Il y a un autre voilier au mouillage, néo-zélandais, et un petit bateau de pêche-promenade local, avec un couple assez âgé à bord, ancré à proximité de la petite plage de galets, au fond de l’anse. Je repars faire le tour de la crique en kayak, peu avant le coucher du soleil. En passant à proximité de la plage, je salue les néo-zélandais sur leur petit bateau à moteur bardé de cannes à pêche. Curieusement, car c’est vraiment rare dans ce pays foncièrement accueillant, ils ne me répondent pas : ils ne doivent pas aimer les étrangers, ou bien peut-être ont-ils vu notre pavillon français, et nous tiennent-ils rigueur de nos essais nucléaires passés dans le Pacifique, ou de la triste affaire du Rainbow Warrior ? Pourtant, nous avons eu largement l’occasion depuis le début de notre séjour en Nouvelle-Zélande, de nous rendre compte que les kiwis font le plus souvent une nette distinction entre les ressortissants français qui visitent leur pays et notre gouvernement, pas toujours bien inspiré, de quelque bord qu’il soit. L’affaire du Rainbow Warrior en particulier est généralement considérée comme une décision navrante de nos dirigeants de l’époque. Au fond, nul doute que les kiwis apprécient la France et les Français, notre façon de vivre, notre gastronomie, notre goût pour les belles choses (mode, parfums, cosmétique) et les belles pierres, notre technologie, notre histoire, et même notre équipe de rugby à quinze, dont ils ont appris à se méfier.

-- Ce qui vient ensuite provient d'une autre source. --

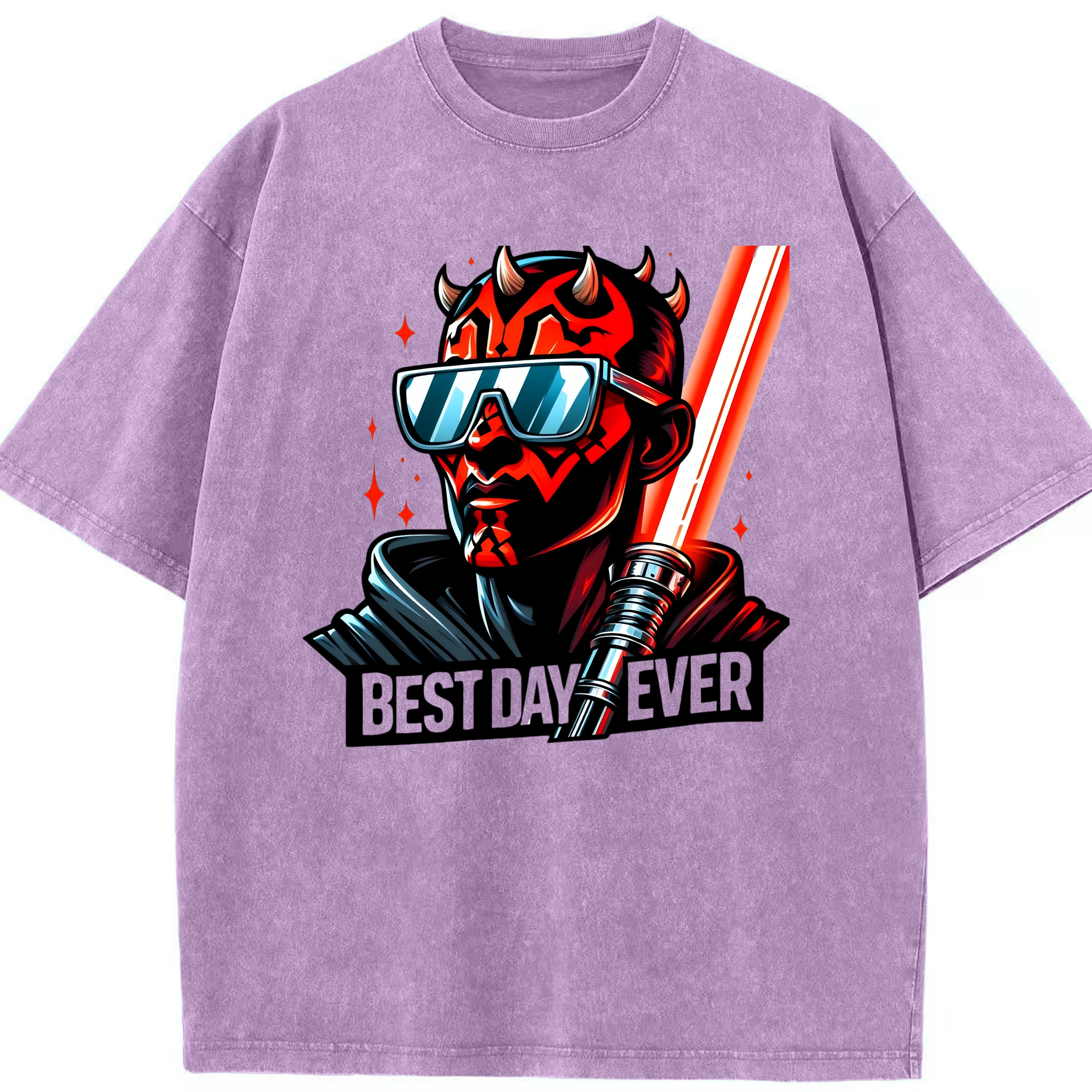（画像用） スター・ウォーズ Star Wars 綿100% ヴィンテージ風 半袖Tシャツ（フロントプリント）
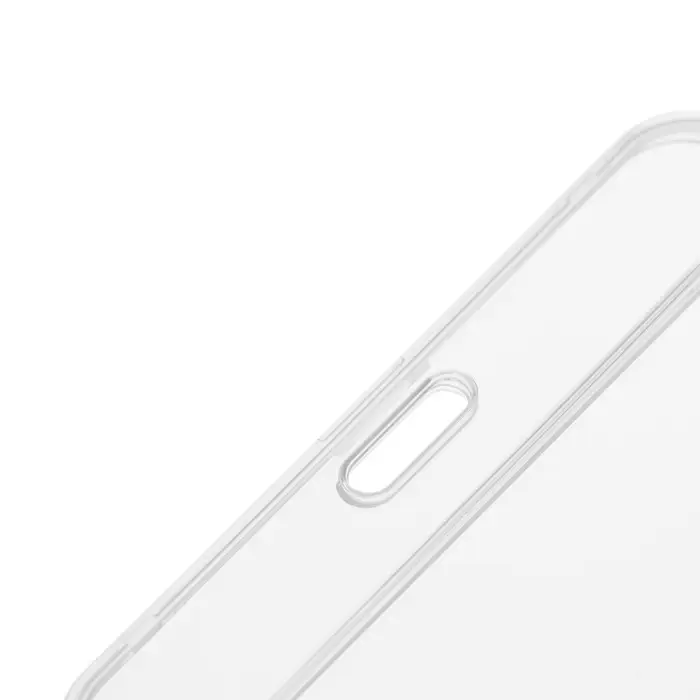 Бейдж горизонтальный, внешний 103&times;80 мм, внутренний 85&times;54 мм, пластик прозрачный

La plupart des néo-zélandais savent ne pas oublier qu’ils ont tous été des émigrants, dans les dernières décennies. Une seule autre fois, sur un sentier de randonnée, nous avions croisé un couple de kiwis, également âgé, qui se plaignait ouvertement d’une cohabitation qu’il jugeait difficile avec la population maorie dans certains quartiers d’Auckland. La très grande majorité des kiwis est d’un naturel ouvert et tolérant.

Je rentre à bord et propose à Marin d’aller poser le tramail à une centaine de mètres du bateau, devant une petite crique rocheuse. La nuit tombe. Nous embarquons le filet, les flotteurs, et les ceintures de plombs utilisées en plongée pour nous lester, qui serviront de poids mort à chaque extrémité inférieure du filet. Nous amarrons une extrémité du tramail autour d’une roche pointue légèrement au-dessus de la surface, puis tendons le filet, avec de gros flotteurs rouges, en travers de l’étroite petite crique, tout en laissant un passage vers la sortie.

Pour moi, l’animal doit toujours avoir une chance de s’en sortir indemne.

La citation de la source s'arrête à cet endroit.